## [Records contained in a dataset]
Content starts

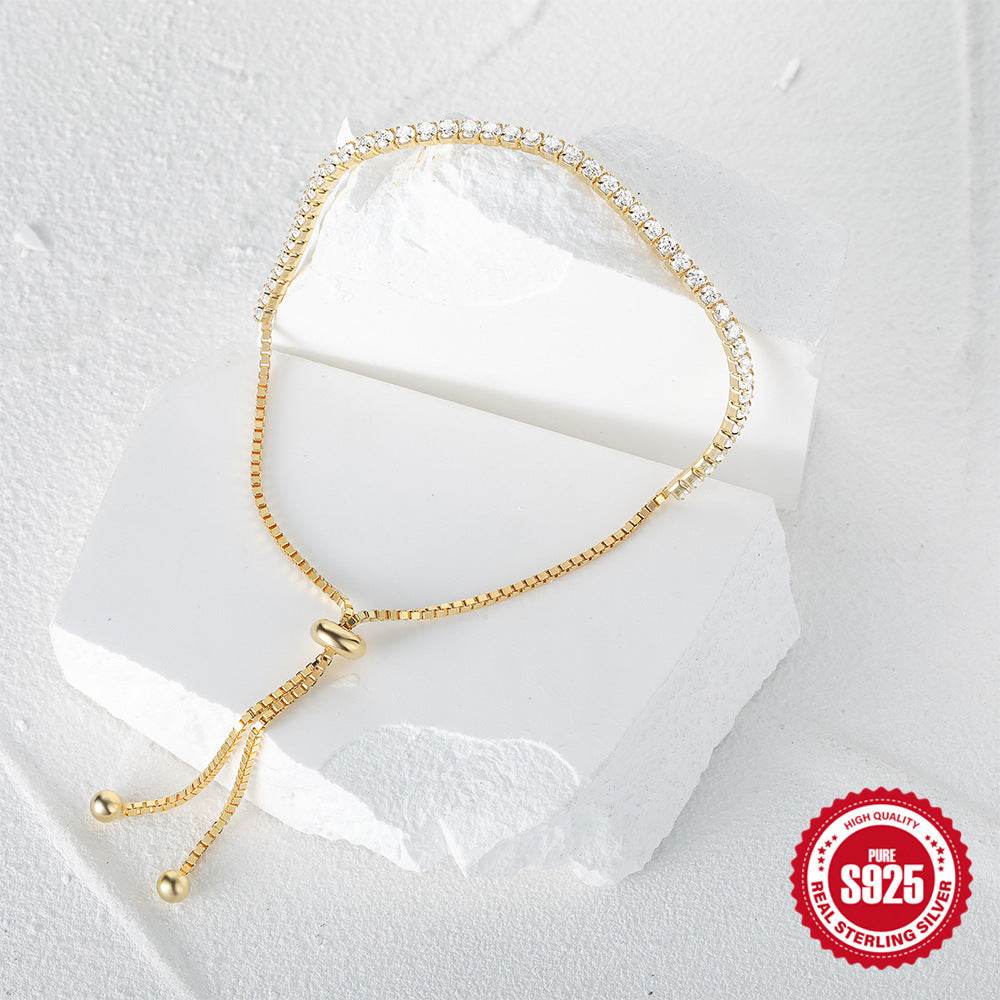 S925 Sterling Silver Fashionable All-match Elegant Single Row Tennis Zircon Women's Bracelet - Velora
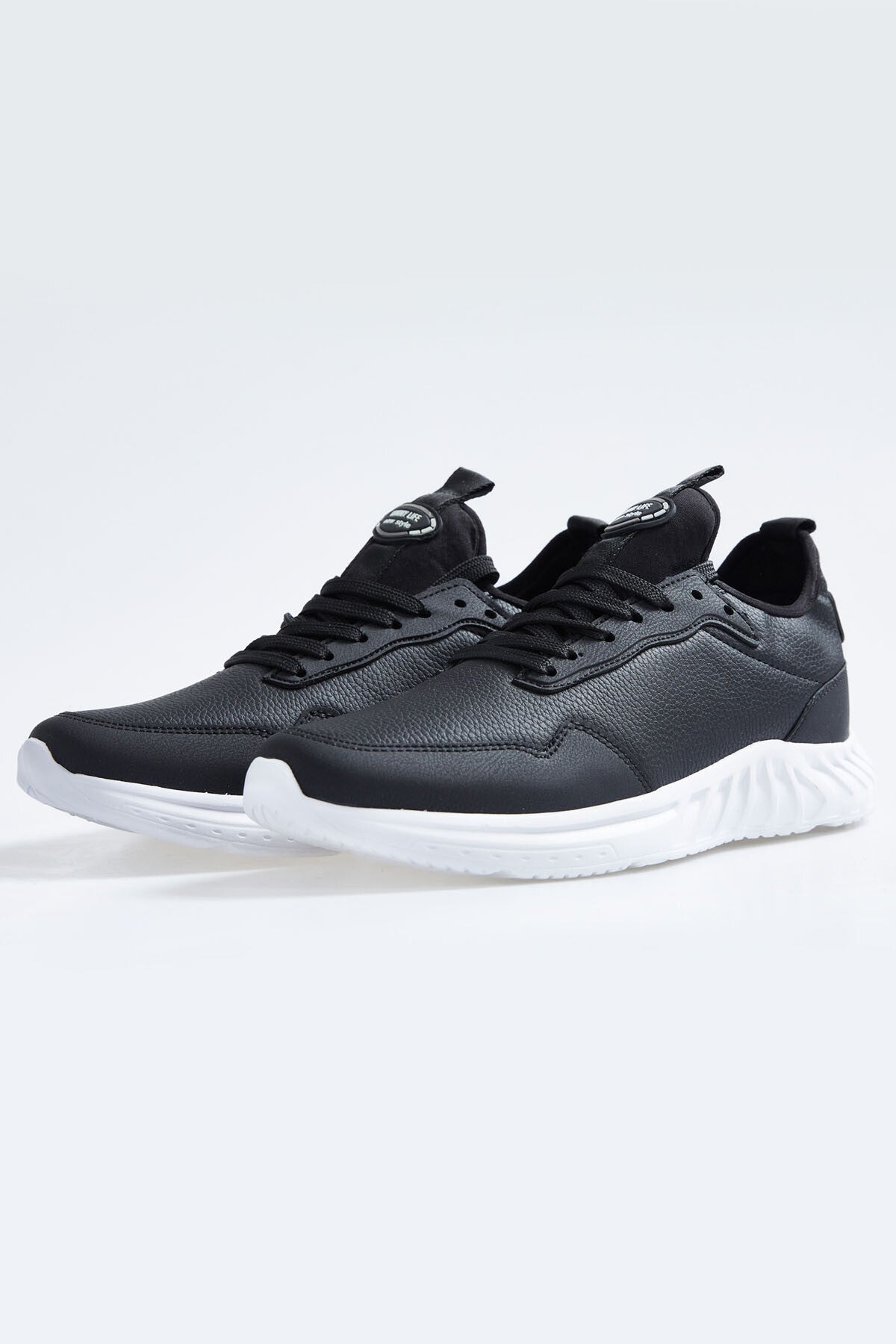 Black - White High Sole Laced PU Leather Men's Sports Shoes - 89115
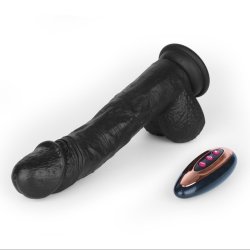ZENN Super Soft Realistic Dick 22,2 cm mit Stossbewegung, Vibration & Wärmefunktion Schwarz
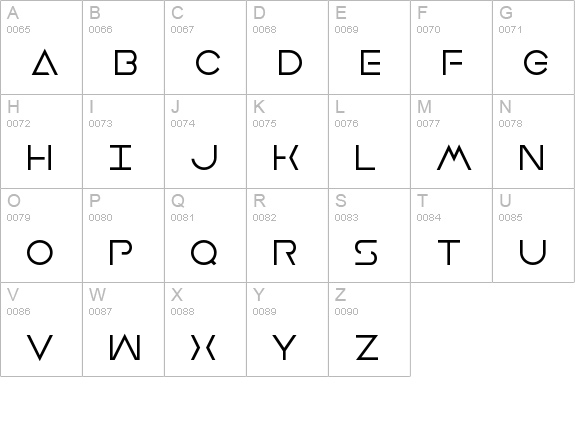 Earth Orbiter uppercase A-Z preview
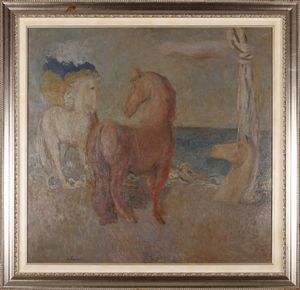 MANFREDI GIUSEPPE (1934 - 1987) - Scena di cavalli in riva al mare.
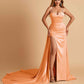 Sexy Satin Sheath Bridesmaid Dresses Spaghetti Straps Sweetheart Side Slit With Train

Content ends

## [PROBLEM DETAILS]
Beginning with the line containing "Black - White" and ending with the last line of the data, output those lines exactly and nothing more. Omit every picture.

## [RESULT]
 Black - White High Sole Laced PU Leather Men's Sports Shoes - 89115
ZENN Super Soft Realistic Dick 22,2 cm mit Stossbewegung, Vibration & Wärmefunktion Schwarz
 Earth Orbiter uppercase A-Z preview
 MANFREDI GIUSEPPE (1934 - 1987) - Scena di cavalli in riva al mare.
 Sexy Satin Sheath Bridesmaid Dresses Spaghetti Straps Sweetheart Side Slit With Train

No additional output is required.